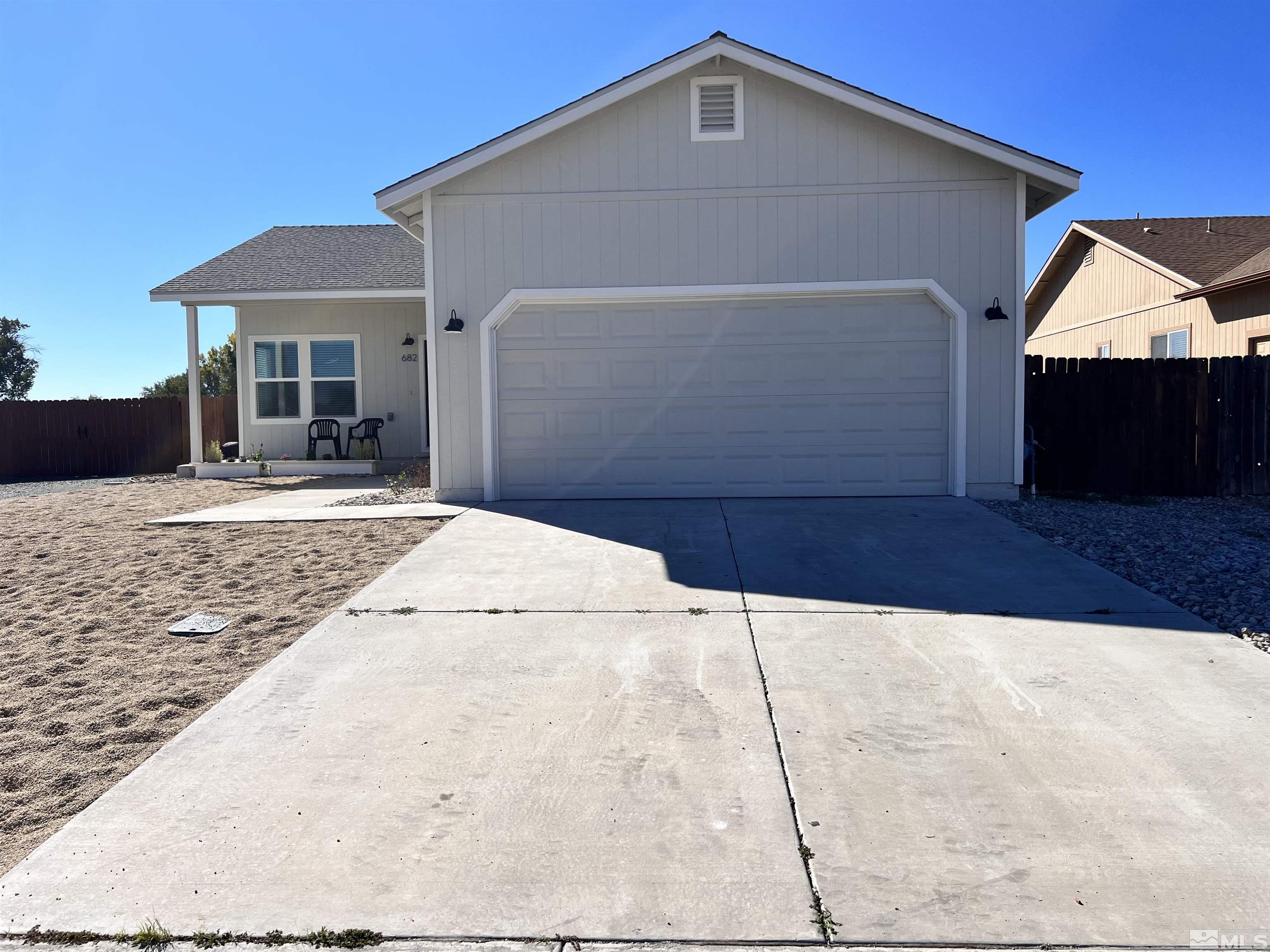 682 Silver Spur Drive Fallon, NV 89406 - Photo 3 of 29 a front view of a house with yard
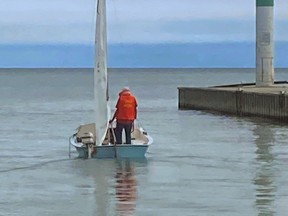 Reginald Fisher of Dutton, who vanished after his small sailboat capsized on Lake Erie, is seen on the 14-foot craft in the Port Glasgow harbour in September in an image taken by a restaurant worker there. Police on Oct. 5 said a body discovered in Port Burwell has been identified as that of Fisher’s. Supplied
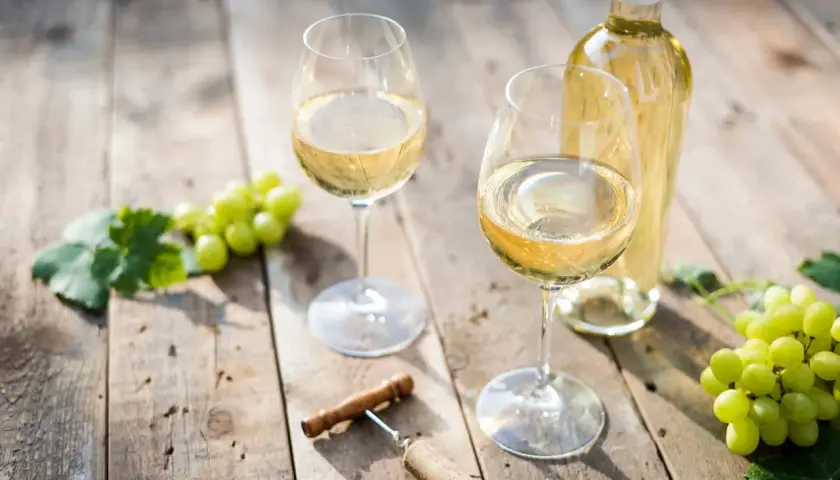 Zwei Gläser Weißwein, eine Flasche, Trauben und ein Korkenzieher auf Holztisch. Der Unterschied Riesling Chardonnay wird hier visuell angedeutet.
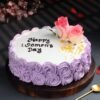 Purple Glow Women’s Day Cake with pink hues and floral decorations, perfect for celebrating the strength and beauty of women.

__YOUR TASK__:
Each line of the listing must be restated word for word, and the pictures left out.

__PROBLEM SOLUTION__:
 682 Silver Spur Drive Fallon, NV 89406 - Photo 3 of 29 a front view of a house with yard
 Reginald Fisher of Dutton, who vanished after his small sailboat capsized on Lake Erie, is seen on the 14-foot craft in the Port Glasgow harbour in September in an image taken by a restaurant worker there. Police on Oct. 5 said a body discovered in Port Burwell has been identified as that of Fisher’s. Supplied
 Zwei Gläser Weißwein, eine Flasche, Trauben und ein Korkenzieher auf Holztisch. Der Unterschied Riesling Chardonnay wird hier visuell angedeutet.
 Purple Glow Women’s Day Cake with pink hues and floral decorations, perfect for celebrating the strength and beauty of women.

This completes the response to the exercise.